Two non-profits stop accepting Facebook funding - samizdis
https://www.theregister.com/2020/06/11/facebook_nonprofit_funds/
======
easytiger
From their website

> Public Knowledge promotes freedom of expression, an open internet, and
> access to affordable communications tools and creative works. We work to
> shape policy on behalf of the public interest.

From the article

> "However, platforms shouldn’t hide behind the First Amendment as an excuse
> to allow hate, misinformation, and abuse to run rampant on their services,
> particularly when they hold such a dominant position in the marketplace.
> Doing so distorts what the First Amendment means, and ignores the influence
> that moderation has on our civic conversations and system of democracy."

Firstly the predicate that Facebook is unmoderated is not true clearly. They
do have policies and they do remove things.

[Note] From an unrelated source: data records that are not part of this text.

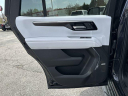 Thumbnail image of 2025 Chevrolet Tahoe at Mike Bell Chevrolet - NEW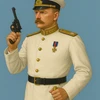 Viktor_Chernilov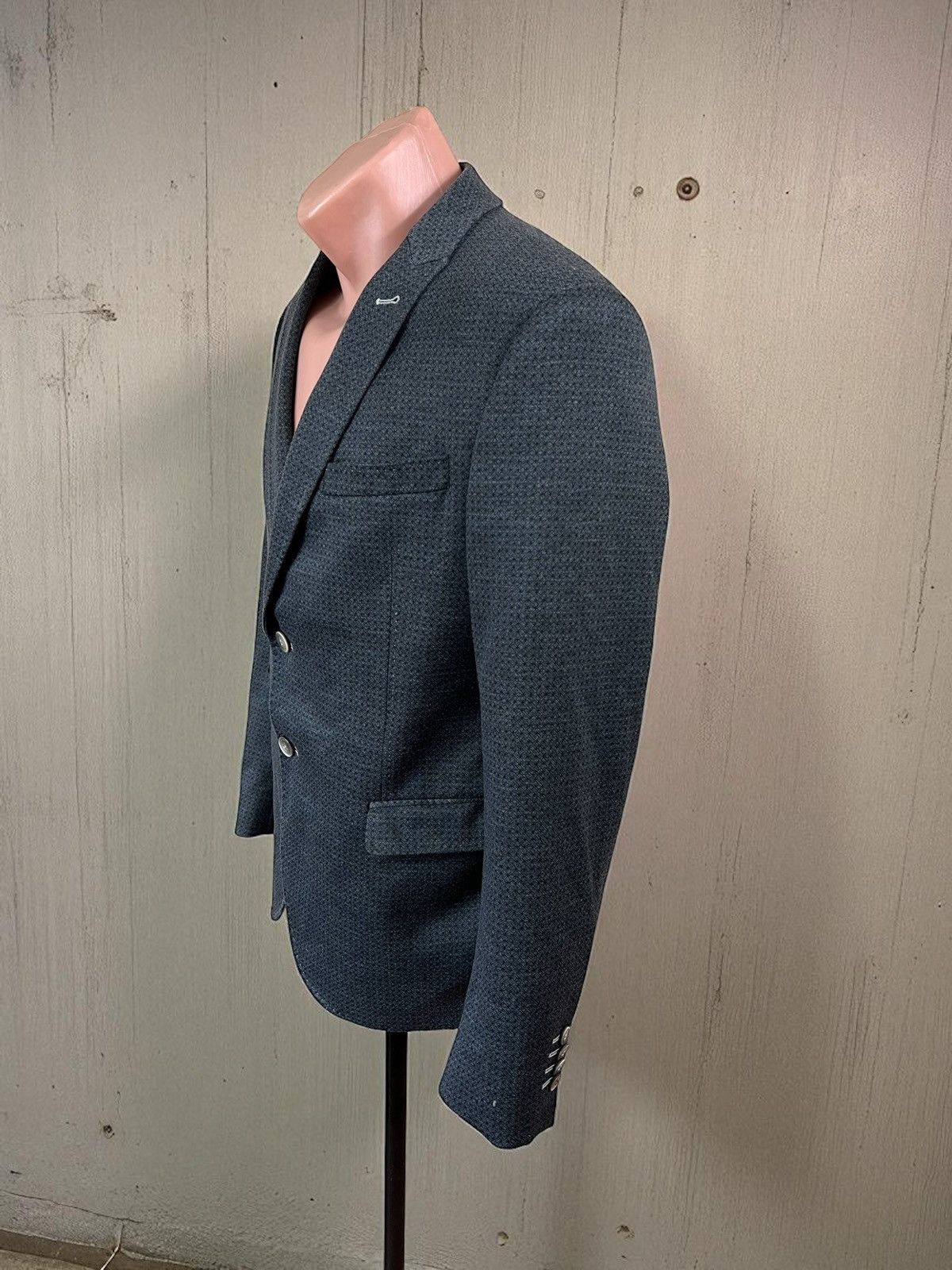CINQUE Cinque blazer size 36R / S new without tags Size 36R - 4 Thumbnail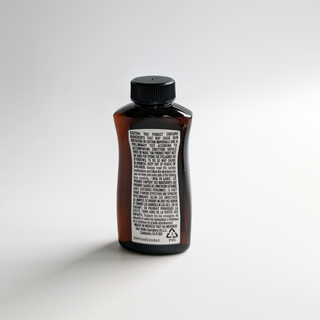 T14 Pale Ash Blonde Hair Toner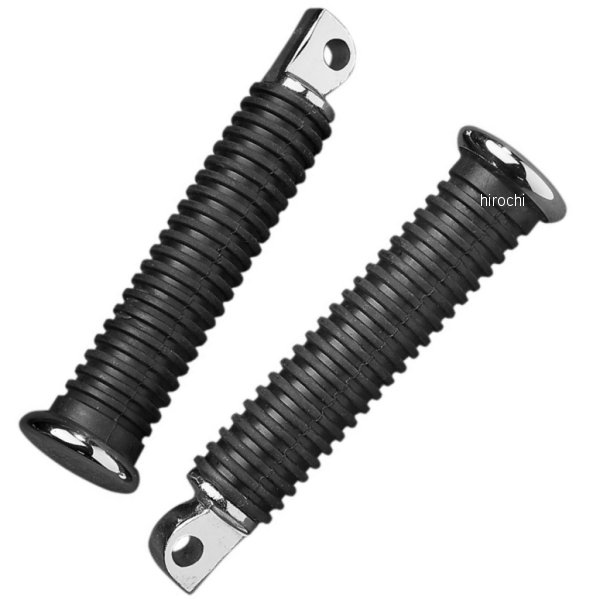 ��USA�߸ˤ���� DRAG �եåȥڥ� �ѥå��󥸥㡼�� ��С��ɿ� �� 5�����(127mm) DS-253403 JPŹ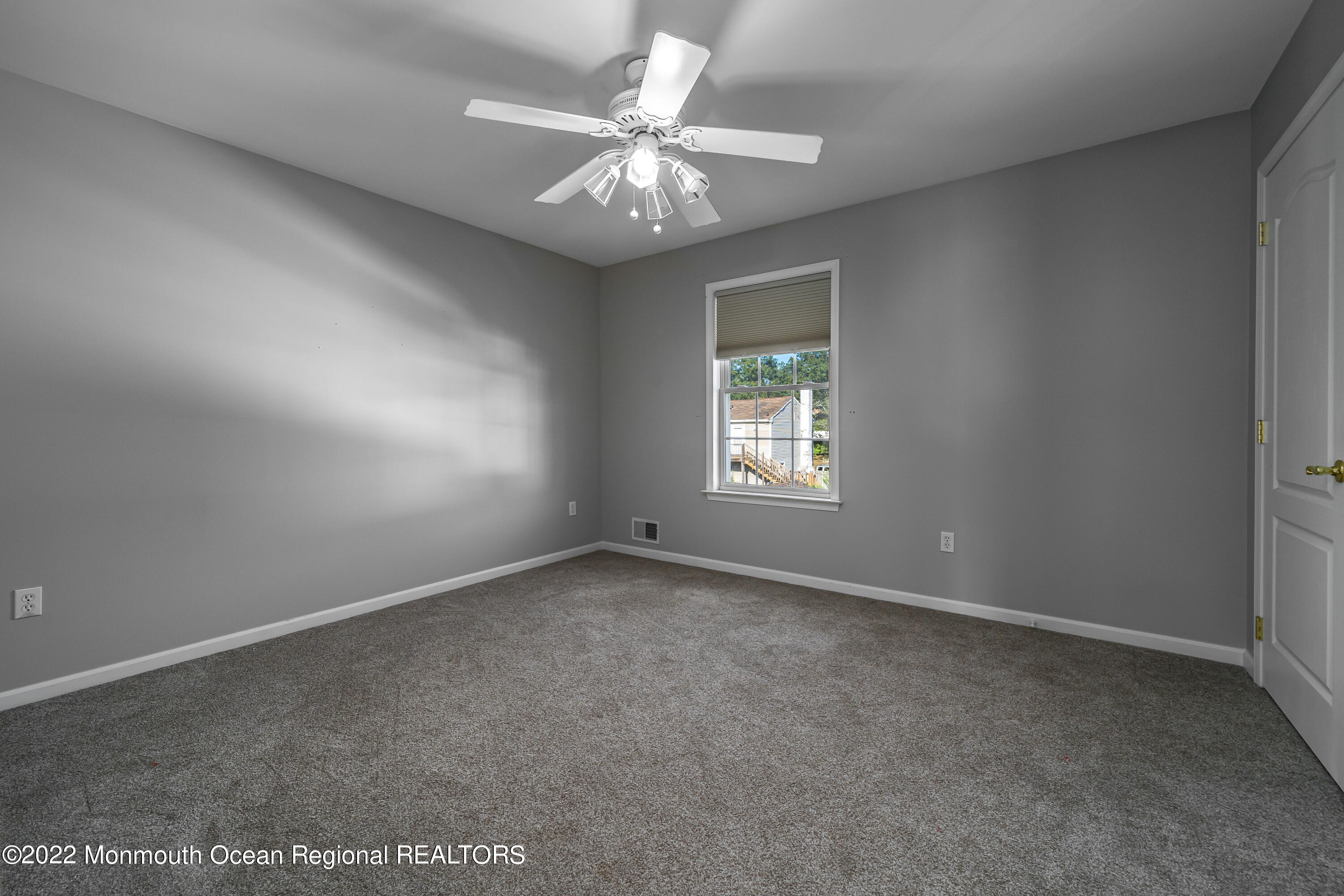 161 Skipper Road Manahawkin, NJ 08050 - Photo 22 of 44 SEV01405-Edit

If the representative of an organisation claiming to be in persuit of freedom
of expression is taking a stance on what can be considered to be said, then it
surely can't claim to believe in that fundamental.

The philosophy behind free speech is being distorted widely.

My expectation is that venues like twitter and Facebook simply become such
horrible noise machines allowing lunatic to speak on to lunatic that they fall
out of use as a source of information.

At the very least news sources should be discouraged from using them as an
information source. The BBC are particularly terrible for regurgitating "Jane
in Basingstoke is outraged about this non thing" type articles. Not everyone
needs to be heard and virtue signifies no authority.

Twitter is already responsible for a great many ills. Much more so than
Facebook in the west at least.